Out of all the virus problems I ever faced:
NOD32 removed everything but one virus dll over a period of years (on a computer having something like 800 viruses on it, due to being a service-pack-less WinXP exposed to porn sites with Internet Explorer 6. Even so, it catched every other virus that said dll was trying to generate afterwards, making it easy to manually take care of. I gotta say, the windows desktop looked
extremely funky on that computer. I couldn't figure out how to restore desktop wallpapers on that broken installation ever since, without the nuking of a whole user account.).
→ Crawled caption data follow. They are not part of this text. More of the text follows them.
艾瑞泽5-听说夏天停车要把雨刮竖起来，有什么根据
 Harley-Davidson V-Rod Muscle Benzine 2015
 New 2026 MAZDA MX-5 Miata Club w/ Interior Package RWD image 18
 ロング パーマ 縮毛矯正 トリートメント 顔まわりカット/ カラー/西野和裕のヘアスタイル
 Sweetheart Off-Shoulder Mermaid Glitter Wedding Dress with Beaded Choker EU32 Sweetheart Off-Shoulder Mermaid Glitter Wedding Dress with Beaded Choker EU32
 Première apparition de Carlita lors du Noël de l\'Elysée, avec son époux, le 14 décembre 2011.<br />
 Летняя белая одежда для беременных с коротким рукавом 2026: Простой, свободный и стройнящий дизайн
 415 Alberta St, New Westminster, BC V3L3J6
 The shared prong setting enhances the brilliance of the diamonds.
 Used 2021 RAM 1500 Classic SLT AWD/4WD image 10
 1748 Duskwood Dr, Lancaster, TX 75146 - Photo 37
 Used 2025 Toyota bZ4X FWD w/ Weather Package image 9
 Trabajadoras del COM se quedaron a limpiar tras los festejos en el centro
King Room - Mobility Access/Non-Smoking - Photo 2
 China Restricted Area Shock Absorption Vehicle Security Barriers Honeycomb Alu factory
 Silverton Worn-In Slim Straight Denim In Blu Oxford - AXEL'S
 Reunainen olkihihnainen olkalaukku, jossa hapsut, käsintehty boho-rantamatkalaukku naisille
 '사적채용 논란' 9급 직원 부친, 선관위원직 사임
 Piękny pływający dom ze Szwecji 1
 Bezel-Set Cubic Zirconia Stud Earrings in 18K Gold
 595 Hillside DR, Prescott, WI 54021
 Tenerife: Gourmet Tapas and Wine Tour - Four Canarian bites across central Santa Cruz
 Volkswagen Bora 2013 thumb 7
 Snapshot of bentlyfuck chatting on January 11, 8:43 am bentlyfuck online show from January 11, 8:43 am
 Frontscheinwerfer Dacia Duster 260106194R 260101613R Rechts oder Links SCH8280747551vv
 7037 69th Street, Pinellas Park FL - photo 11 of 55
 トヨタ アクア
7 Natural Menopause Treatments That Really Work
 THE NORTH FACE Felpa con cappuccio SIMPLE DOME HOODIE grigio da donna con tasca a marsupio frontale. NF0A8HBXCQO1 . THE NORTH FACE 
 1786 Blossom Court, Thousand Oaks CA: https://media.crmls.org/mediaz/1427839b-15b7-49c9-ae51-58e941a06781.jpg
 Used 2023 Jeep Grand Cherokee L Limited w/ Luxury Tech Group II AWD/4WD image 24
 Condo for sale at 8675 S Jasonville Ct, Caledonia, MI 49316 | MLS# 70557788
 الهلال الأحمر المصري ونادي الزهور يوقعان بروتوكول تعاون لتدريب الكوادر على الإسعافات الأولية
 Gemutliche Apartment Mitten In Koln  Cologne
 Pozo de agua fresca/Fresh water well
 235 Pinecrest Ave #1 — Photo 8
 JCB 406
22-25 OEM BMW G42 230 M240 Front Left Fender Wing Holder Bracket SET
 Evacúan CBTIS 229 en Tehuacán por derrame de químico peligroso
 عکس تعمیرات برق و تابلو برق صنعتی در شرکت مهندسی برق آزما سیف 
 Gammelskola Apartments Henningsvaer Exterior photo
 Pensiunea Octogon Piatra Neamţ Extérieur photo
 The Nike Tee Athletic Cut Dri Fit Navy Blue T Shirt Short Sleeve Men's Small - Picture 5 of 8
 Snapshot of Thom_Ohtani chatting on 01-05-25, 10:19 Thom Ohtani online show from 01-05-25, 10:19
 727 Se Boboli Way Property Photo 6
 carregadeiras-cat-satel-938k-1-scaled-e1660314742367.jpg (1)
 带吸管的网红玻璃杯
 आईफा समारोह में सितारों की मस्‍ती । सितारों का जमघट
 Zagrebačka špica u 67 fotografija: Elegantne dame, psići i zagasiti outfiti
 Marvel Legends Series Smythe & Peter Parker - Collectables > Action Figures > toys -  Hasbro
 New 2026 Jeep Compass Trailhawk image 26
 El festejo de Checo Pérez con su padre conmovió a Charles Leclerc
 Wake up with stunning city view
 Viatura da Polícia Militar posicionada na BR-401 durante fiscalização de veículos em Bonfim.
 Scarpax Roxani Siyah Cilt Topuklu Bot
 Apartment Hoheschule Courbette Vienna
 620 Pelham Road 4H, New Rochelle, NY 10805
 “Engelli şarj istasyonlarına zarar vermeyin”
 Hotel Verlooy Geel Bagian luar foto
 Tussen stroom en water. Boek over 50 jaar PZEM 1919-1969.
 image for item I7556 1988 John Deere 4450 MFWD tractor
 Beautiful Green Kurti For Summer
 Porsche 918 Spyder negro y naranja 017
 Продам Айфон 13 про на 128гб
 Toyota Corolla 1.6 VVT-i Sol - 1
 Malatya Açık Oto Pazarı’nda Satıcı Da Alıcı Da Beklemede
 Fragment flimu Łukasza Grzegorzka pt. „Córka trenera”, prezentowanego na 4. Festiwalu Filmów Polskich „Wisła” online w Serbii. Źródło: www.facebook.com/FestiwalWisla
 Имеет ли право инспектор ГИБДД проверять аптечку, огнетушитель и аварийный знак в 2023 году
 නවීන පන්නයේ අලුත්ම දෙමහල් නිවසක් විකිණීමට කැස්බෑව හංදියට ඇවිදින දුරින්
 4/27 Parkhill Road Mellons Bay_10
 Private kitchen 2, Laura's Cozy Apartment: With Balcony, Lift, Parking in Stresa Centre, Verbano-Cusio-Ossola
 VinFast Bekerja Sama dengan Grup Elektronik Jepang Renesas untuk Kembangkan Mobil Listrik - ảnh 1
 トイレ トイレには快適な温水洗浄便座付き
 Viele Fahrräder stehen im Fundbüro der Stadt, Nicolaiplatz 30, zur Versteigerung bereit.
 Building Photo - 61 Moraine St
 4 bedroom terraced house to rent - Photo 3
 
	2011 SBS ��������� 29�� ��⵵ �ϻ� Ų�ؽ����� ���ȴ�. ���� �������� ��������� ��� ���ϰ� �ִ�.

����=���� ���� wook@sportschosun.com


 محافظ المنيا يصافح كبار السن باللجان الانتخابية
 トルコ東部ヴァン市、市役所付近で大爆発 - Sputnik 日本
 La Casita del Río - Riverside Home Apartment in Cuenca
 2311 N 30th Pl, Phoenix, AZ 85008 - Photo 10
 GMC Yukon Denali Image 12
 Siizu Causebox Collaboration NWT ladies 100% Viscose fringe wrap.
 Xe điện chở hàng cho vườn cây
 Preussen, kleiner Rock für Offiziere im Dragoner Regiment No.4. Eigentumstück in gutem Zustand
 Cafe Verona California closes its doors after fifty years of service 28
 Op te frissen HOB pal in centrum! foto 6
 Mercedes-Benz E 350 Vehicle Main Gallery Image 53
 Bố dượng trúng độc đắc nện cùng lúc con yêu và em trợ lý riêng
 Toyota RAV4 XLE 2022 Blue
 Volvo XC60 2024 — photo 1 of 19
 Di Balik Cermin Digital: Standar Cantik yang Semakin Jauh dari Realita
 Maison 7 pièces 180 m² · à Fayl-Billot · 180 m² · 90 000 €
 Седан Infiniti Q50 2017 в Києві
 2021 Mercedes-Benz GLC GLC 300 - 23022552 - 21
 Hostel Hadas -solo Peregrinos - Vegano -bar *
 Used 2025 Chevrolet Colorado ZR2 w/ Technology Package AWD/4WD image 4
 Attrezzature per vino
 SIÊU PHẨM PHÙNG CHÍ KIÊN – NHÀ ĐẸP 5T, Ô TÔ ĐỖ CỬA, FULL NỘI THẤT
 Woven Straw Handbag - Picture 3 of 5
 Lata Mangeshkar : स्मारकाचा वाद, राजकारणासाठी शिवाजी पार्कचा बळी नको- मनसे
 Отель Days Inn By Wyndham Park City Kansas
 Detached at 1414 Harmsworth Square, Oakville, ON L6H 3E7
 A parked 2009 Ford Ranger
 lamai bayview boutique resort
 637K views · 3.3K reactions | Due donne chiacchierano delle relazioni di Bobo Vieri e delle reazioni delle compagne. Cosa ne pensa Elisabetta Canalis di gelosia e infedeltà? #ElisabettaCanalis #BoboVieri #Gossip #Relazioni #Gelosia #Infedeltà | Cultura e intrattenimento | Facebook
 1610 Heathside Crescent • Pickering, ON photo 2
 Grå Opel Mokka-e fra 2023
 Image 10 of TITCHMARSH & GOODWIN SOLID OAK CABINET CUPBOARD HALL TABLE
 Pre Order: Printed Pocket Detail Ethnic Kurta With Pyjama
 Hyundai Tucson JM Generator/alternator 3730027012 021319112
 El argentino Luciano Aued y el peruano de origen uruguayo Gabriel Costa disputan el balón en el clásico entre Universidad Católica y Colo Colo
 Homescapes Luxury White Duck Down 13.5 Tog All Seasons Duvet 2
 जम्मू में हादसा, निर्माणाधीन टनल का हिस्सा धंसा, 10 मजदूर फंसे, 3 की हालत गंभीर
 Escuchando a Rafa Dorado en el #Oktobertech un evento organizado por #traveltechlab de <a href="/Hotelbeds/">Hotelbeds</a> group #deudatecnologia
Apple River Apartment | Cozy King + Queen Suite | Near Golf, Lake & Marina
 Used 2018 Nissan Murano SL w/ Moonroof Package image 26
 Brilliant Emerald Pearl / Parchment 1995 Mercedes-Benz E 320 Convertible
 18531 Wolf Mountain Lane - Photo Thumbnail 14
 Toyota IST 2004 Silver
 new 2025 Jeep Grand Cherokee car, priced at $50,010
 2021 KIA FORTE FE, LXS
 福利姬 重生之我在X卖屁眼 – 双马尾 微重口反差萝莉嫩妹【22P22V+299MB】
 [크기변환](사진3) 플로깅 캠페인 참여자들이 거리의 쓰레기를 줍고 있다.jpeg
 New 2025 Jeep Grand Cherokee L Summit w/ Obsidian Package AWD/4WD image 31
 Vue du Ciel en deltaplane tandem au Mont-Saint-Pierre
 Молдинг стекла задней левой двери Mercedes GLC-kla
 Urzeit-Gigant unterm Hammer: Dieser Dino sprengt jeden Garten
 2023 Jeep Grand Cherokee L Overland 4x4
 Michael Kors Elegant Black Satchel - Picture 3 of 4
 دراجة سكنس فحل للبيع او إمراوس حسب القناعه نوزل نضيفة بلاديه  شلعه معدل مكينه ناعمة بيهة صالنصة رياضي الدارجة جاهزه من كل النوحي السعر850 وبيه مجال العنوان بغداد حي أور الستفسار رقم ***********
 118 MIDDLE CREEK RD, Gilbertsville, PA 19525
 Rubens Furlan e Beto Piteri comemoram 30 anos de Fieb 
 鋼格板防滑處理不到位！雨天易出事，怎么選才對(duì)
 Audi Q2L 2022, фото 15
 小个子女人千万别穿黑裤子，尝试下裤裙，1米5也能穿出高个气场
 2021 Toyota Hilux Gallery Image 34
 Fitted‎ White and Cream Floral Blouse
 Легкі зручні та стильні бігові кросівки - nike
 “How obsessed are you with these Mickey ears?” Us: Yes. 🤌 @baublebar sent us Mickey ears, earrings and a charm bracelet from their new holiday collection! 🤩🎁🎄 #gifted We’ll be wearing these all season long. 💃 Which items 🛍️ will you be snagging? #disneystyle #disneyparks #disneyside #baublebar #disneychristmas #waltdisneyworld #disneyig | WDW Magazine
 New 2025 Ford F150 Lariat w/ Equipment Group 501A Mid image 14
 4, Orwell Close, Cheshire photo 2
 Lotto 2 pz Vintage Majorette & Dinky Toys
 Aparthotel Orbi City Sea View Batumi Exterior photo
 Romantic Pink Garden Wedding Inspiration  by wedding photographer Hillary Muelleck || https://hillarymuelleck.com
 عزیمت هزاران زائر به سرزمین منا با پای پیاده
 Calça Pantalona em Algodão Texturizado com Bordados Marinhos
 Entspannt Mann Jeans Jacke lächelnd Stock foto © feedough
F-Prot worked well, but every once in a while it didnt even offer options to delete an infected file. Resulting in continous nag screens sometimes. It worked fine and caught almost everything I threw at it though. A nasty virus which trojaned itself as freaking Explorer.exe (shutting it down killed the windows gui too, and restarting it restarted the virus as well) proved smarter though, F-Prot kinda choked on that and I had to manually disinfect the explorer shell and then clean up the rest with NOD32 - later I noticed that NOD32 actually found more stuff then fprot could.
I also used Norton for a while, but then ditched it when I noticed the extreme resource consumption and overall lack of effectiveness (got dozens of viruses on computers shielded by Norton).
NOD32 and F-Prot both used extremely minimal resources, I have NOD32 installed on my moms CELERON 400 running WINXP, and it causes absolutely no (noticable) performance hit.
Jam it back in, in the dark.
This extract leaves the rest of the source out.